** Given material follows **

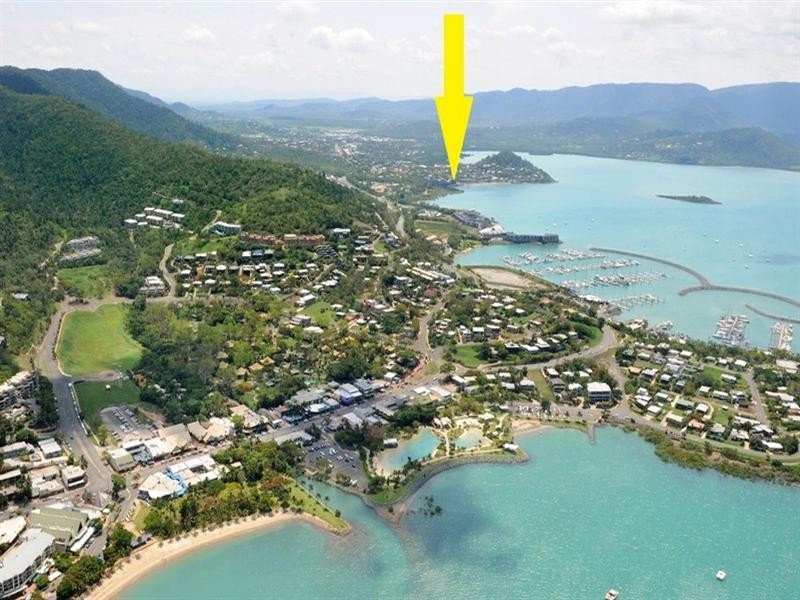 3/9 Salmon Street, Cannonvale QLD 4802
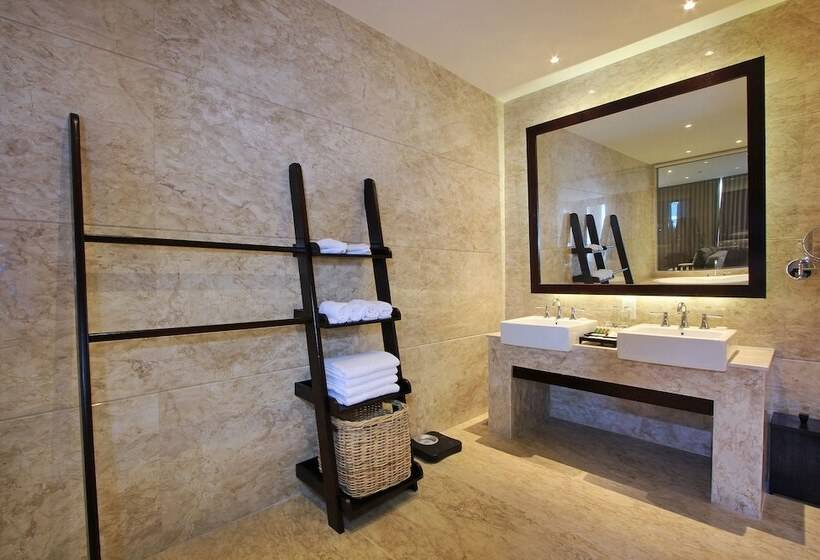 فندق Ulu Segara Luxury Suites & Villas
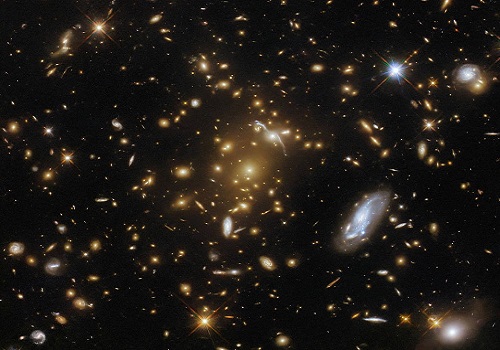 Hubble telescope captures light-bending galaxy cluster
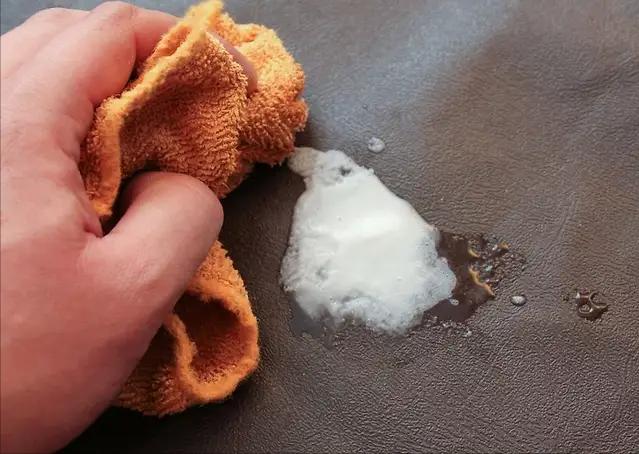 如何使用小苏打清洁,小苏打可以清洗汽车内饰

** End of Given material **

*What is expected:*
Give back the whole of the material exactly, with the pictures removed.

*Solved exercise:*
 3/9 Salmon Street, Cannonvale QLD 4802
 فندق Ulu Segara Luxury Suites & Villas
 Hubble telescope captures light-bending galaxy cluster
 如何使用小苏打清洁,小苏打可以清洗汽车内饰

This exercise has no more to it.